I once started a threat about "barn chore expectations" and I have definitely an ambivalent attitude about them. In theory, I'm a full fare-paying boarder, and only lessees are required to volunteer a certain number of hours per month helping out. On the other hand, there are chores that I've been requested to take on and which I thoroughly enjoy because they help me to learn. For example, there is an out-of-work horse with a split front hoof, and I've been partaking in his care almost daily: handwalk him, groom him, iodine on his hoof crack, Coppertox on the feet, make sure he's got hay, water, and a clean stall when mud forces him to lodge inside temporarily. The fact that he's a personable horse doesn't hurt, of course, and my horse still comes first. 

Where I tend to bow out is with janitorial assignments such al cleaning up anything other than the mess I made - unless it affects the welfare of a horse: I will not leave one without fresh water, for example. If I'm standing around and a girl is putting on the saddle while her horse poops in the aisle, I have no problem tossing it in the muck bucket for her before her horse has a chance to spread it out. That's not a chore, that's like picking up someone else's wallet or papers they just dropped.

So I tend to stick to my contractual obligations unless there is something (of interest) in it for me, or it really just amounts to a gesture. 

In an *emergency*, I have been known to take care of the entire barn (on request) - food, water, blanket modifications...the works, for all 20 horses. Again, horses' welfare supersedes paperwork.


----------



## Dreamcatcher Arabians (Nov 14, 2010)

mmshiro said:


> while her horse poops in the aisle, I have no problem tossing it in the muck bucket for her before her horse has a chance to spread it out. That's not a chore, that's like picking up someone else's wallet or papers they just dropped.


ROFL, only a horse person would feel like that! :rofl::rofl::rofl:


----------



## Dreamcatcher Arabians (Nov 14, 2010)

egrogan said:


> So funny how every barn is different- at the last place I boarded, which also had that really expensive rubber tire blend footing, boarders were asked _not_ to pick poo in the arena because BO saw too much of her expensive footing ending up in the muck bucket, so only she picked so she could do it how she wanted with minimal waste.
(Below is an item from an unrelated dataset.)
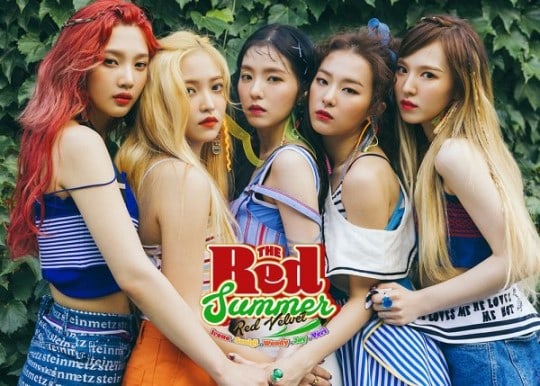 Red Velvet đứng đầu 7 bảng xếp hạng nhạc số Hàn Quốc với ca khúc chủ đề mới “Red Flavor”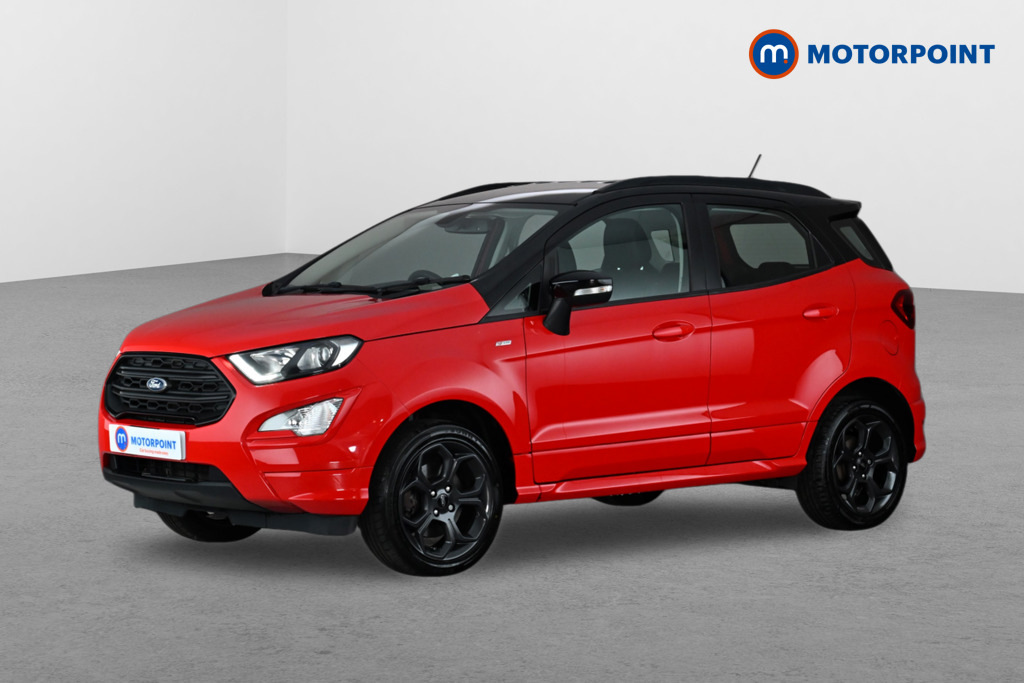 Ford Ecosport 1.0 Ecoboost 140 St-line Red #3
I don't ever see anyone but me and her doing it, so I suspect that she may have asked others not to. She's usually with me when I do it, and she knows I'm an old hand with picking and not wasting bedding or footing.


----------



## humanartrebel1020 (Nov 12, 2018)

I think everybody should be responsible for themselves and pick up there own slack. If everybody can do that there would be no mess. Do you have any current people youd call friends at the barn? Do you talk to the barn owner??


----------



## tinyliny (Oct 31, 2009)

ManicDaisy said:


> Unstated rules are the hardest. I dealt with a ton of them moving to hawaii.
> 
> Maybe watch what other people do, and take cue from there?





I have often wondered about that. It seems that a lot in Hawaii is sort of just understood, IF you are on the 'insiders' club. And, that isn't easy to do. I could feel this, even as a visitor. And particularly if you are a Haoli.


----------



## ManicDaisy (Dec 13, 2018)

@tinyliny

So much this. The first year you live here is hellosh because people are so mean to you. They expect you will leave & hope you do as soon as possible.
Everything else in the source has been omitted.